Improve the set of options for loading from databases, assorted fixes.

2026-02-08 16:01:02 +01:00 · 2013-11-05 23:02:13 +01:00 · 2013-11-05 23:02:13 +01:00 · fe75f3df54
commit fe75f3df54
parent a9dd0aafa3
11 changed files with 152 additions and 49 deletions
--- a/pgloader.1.md
+++ b/pgloader.1.md
@ -571,7 +571,7 @@ The `database` command accepts the following clauses and options:
    When loading from a `MySQL` database, the following options are
    supported:

-      - *drop table*
+      - *include drop*

 		When this option is listed, pgloader drop in the PostgreSQL
 		connection all the table whose names have been found in the MySQL
@ -579,10 +579,19 @@ The `database` command accepts the following clauses and options:
 		times in a row until you figure out all the options, starting
 		automatically from a clean environment.

+      - *include no drop*
+	  
+	    When this option is listed, pgloader will not include any `DROP`
+	    statement when loading the data.
+
 	  - *truncate*

        When this option is listed, pgloader issue the `TRUNCATE` command
        against each PostgreSQL table just before loading data into it.
+		
+	  - *no truncate*
+	  
+		When this topion is listed, pgloader issues no `TRUNCATE` command.

 	  - *create tables*

@ -591,24 +600,48 @@ The `database` command accepts the following clauses and options:
 		fields with their data type.

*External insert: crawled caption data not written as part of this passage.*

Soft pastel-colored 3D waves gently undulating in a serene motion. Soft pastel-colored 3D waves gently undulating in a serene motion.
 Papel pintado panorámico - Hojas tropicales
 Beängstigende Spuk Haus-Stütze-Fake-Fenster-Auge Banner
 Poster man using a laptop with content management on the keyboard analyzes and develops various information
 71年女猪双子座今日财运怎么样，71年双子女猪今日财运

A standard data type conversion from
 		DBF to PostgreSQL is done.

+      - *create no tables*
+	  
+	    When this option is listed, pgloader skips the creation of table
+	    before lading data, target tables must then already exist.
+
 	  - *create indexes*
 	  
 	    When this option is listed, pgloader gets the definitions of all the
 	    indexes found in the MySQL database and create the same set of index
 	    definitions against the PostgreSQL database.

+      - *create no indexes*
+	  
+	    When this option is listed, pgloader skips the creating indexes.
+
      - *foreign keys*
 	  
 	    When this option is listed, pgloader gets the definitions of all the
 	    foreign keys found in the MySQL database and create the same set of
 	    foreign key definitions against the PostgreSQL database.

+      - *no foreign keys*
+	  
+	    When this option is listed, pgloader skips creating foreign keys.
+
 	  - *reset sequences*

        When this option is listed, at the end of the data loading and after
        the indexes have all been created, pgloader resets all the
        PostgreSQL sequences created to the current maximum value of the
        column they are attached to.
+		
+		The options *schema-only* and *data-ony* have no effects on this
+		option.
+
+      - *reset no sequences*
+	  
+	    When this option is listed, pgloader skips resetting sequences after
+	    the load.
+
+		The options *schema-only* and *data-ony* have no effects on this
+		option.

 	  - *downcase identifiers*

@ -627,9 +660,14 @@ The `database` command accepts the following clauses and options:
 		 
 	  - *schema only*
 	  
-	    When this option is listed pgloader will refrain from migrating the
-	    data over. Note that the schema in this context includes the indexes
-	    when the option *create indexes* has been listed.
+	    When this option is listed pgloader refrains from migrating the data
+	    over. Note that the schema in this context includes the indexes when
+	    the option *create indexes* has been listed.
+		
+	  - *data-only*
+	  
+	    When this option is listed pgloader only issues the `COPY`
+	    statements, without doing any other processing.

  - *SET*

@ -846,7 +884,7 @@ The `sqlite` command accepts the following clauses and options:
    When loading from a `SQLite` database, the following options are
    supported:

-      - *drop table*
+      - *include drop*

 		When this option is listed, pgloader drop in the PostgreSQL
 		connection all the table whose names have been found in the SQLite
@ -854,11 +892,20 @@ The `sqlite` command accepts the following clauses and options:
 		times in a row until you figure out all the options, starting
 		automatically from a clean environment.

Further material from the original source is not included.